Os donos da empresa, um casal de coreanos, e os empregados foram detidos pela Polícia Federal para prestar esclarecimentos. Os 11 funcionários foram liberados mas terão de apresentar até segunda-feira documentos que comprovem estar no Brasil legalmente, caso contrário serão multados e terão prazo para sair do país (a multa pode chegar a R$ 828 e o prazo máximo para deixar o Brasil é oito dias). Passado o prazo, a PF terá de deportá-los. Dez deles informaram à Folha não possuir os papéis.

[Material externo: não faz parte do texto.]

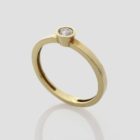 Anillo diamante de compromiso. Joya de oro amarillo y diamante creada por Comin Joieria Creativa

Diferentemente do que ocorre em casos do gênero com mão-de-obra brasileira, os estrangeiros ilegais sob regime análogo à escravidão não recebem indenização ou direitos trabalhistas devidos. Os empregadores terão de pagar multa de R$ 2.483 por cada trabalhador ilegal mais fiança para serem liberados. A Procuradoria vai acionar o Ministério do Trabalho e Emprego, e a confecção deve ser fechada.
No subsolo
Quando a blitz da Procuradoria chegou à confecção, o boliviano Adriano Huanca, 25, costurava o que seria mais um dos vestidos espalhados pelo local (na etiqueta, "So & Jung - Fabricado no Brasil"). Por peça produzida, Huanca contou receber de R$ 0,80 a R$ 1 --em média, R$ 350 por mês. Na rua José Paulino, perto dali, vestidos semelhantes saem por R$ 20 e até R$ 25. "É muito tempo de trabalho. Mas quis mesmo assim. Pelo menos [no Brasil] tem trabalho todo dia", disse Huanca, há dois anos no país.
O salão onde estavam o boliviano e os demais trabalhadores estrangeiros fica no subsolo do prédio da confecção, em local monitorado pelos donos por circuito de TV. Na semana, ele dormia em um dos quartos em área contígua à oficina (seis cômodos de 2 m2 separados por paredes de compensado). Outros sete trabalhadores e uma criança de seis anos dividiam o local. Os demais, só esporadicamente dormiam ali. Na parte mais recuada, havia uma cozinha precária, de onde saíam refeições dadas pelos patrões, e dois banheiros, com portas danificadas, e instalações elétricas expostas.
Ainda sem saber que seria detido pela PF, Huanca, sem visto, já planejava buscar outra confecção. "Emprego não falta. Se acabar esta costura, tem outra", afirmou o boliviano, que disse mandar cerca de US$ 50 para mãe em La Paz todos os meses.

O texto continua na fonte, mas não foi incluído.